Of course, Pirelli hadn’t been out of motorsports completely. They were the sole suppliers to both the World Rally and World Superbike Championships and the American Grand Am series. Actually it was Pirelli’s continuing involvement with all of those series that helped lay the foundations to their return to F1.
But even though Pirelli had been keeping their motorsports edge sharpened, there’s not much out there that compares to F1.
Several things complicated Pirelli’s return. The first one was that the powers that be—I don’t want to name names, but let’s say their last name rhymes with Schmecclestone—had given the winning bidders a remit to make the tire they were supplying...less than great.
In short the demand was to create a tire that would wear at a much quicker rate then Pirelli was capable of producing with the aim of promoting more pit stops in hopes of mixing up the racing. This was a huge change in the philosophy of F1, the supposed pinnacle of motorsport was now tossing outright performance aside in order to make the “show” better.

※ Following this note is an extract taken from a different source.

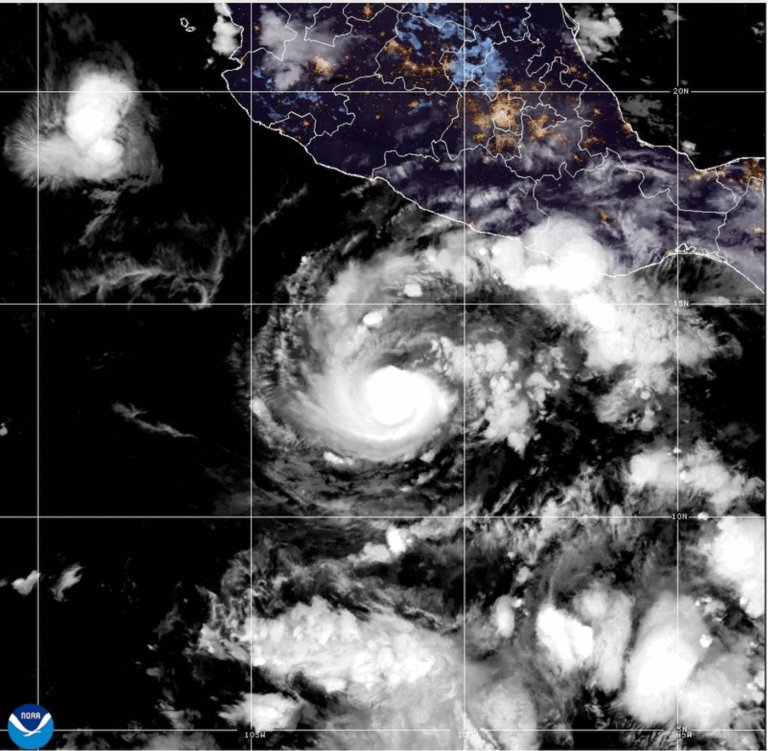 Hurricane Trudy strengthens to a Category 3 storm off Mexico's Pacific coast | iNFOnews.ca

But an even bigger issue faced by Pirelli was the new draconian limit on testing, designed to help keep the sport affordable for lower level teams. In 2008, the rule at the time, which allowed basically unlimited testing were changed to only allow 30,000 km. In 2009, those limits were slashed again to only 15,000 km and in-season testing was completely banned, effectively limiting teams to just a few pre-season tests.
To set the scene, then: the sole tire supplier entering 2011 had zero experience with a modern F1 car, a demand to create a very specific performing tire, in the narrow operating window the F1 cars work in, with limited testing, in less than nine months, and on the biggest sporting stage in the world.
Why the hell would any responsible company that sign up for that?
After continuing to struggle with wear and durability issues for the first few years, that question reached a fever pitch during the 2013 season. Things got bad. For that year, the tires supplied by Pirelli were a completely new construction, a pure radial tire with a softer sidewall and a steel belt rather than the previously run radial/crossply hybrid with a stiffer sidewall and a Kevlar belt.
Starting at pre season testing in Barcelona, drivers noted extreme tire degradation which Pirelli chalked up to unexpectedly cold temperatures. Then during the Malaysian, Bahrain and Silverstone Grands Prix, several cars had massive tire failures, with at least one car per race suffering tire delamination—where the tread separates from the carcass of the tire—at some point during the race weekend. The level of degradation was so high at the Spanish GP that most of the field stopped an almost unheard of four times for tires. Mercedes’ Lewis Hamilton was told by his team on multiple occasions to slow his driving to conserve his tires. His now infamous reply was “I can’t drive any slower.”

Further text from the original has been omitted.